(Items from a dataset)
______

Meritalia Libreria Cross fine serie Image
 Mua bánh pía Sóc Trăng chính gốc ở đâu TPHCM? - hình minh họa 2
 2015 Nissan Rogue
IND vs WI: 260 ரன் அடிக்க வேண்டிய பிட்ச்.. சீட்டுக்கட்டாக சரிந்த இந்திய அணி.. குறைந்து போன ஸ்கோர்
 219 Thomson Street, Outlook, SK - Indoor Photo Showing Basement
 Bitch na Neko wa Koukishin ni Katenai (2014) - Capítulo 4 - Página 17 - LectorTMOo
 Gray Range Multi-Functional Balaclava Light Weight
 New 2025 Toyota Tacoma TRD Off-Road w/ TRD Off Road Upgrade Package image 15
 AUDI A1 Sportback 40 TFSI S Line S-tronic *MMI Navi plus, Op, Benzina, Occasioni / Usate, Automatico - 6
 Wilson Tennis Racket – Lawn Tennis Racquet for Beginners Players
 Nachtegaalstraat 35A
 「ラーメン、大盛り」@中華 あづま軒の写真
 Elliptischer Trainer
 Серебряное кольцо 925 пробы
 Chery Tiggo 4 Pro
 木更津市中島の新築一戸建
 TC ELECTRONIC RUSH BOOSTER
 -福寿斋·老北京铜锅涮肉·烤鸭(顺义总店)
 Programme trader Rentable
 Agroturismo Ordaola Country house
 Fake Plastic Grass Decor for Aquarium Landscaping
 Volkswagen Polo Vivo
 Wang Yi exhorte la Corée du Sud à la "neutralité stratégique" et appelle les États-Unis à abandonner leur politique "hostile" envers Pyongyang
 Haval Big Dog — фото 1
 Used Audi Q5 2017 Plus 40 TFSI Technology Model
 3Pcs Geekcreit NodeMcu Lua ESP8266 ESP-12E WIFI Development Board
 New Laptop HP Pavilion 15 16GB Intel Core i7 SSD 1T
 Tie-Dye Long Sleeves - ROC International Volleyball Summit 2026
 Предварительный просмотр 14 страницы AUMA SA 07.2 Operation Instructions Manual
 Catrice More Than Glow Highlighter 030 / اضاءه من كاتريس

______

• **Task objective**
Restate word for word the entries above, starting at the line with "Agroturismo Ordaola Country house" and ending at the line with "Tie-Dye Long Sleeves", inclusive, and no others.

• **Task solution**
 Agroturismo Ordaola Country house
 Fake Plastic Grass Decor for Aquarium Landscaping
 Volkswagen Polo Vivo
 Wang Yi exhorte la Corée du Sud à la "neutralité stratégique" et appelle les États-Unis à abandonner leur politique "hostile" envers Pyongyang
 Haval Big Dog — фото 1
 Used Audi Q5 2017 Plus 40 TFSI Technology Model
 3Pcs Geekcreit NodeMcu Lua ESP8266 ESP-12E WIFI Development Board
 New Laptop HP Pavilion 15 16GB Intel Core i7 SSD 1T
 Tie-Dye Long Sleeves - ROC International Volleyball Summit 2026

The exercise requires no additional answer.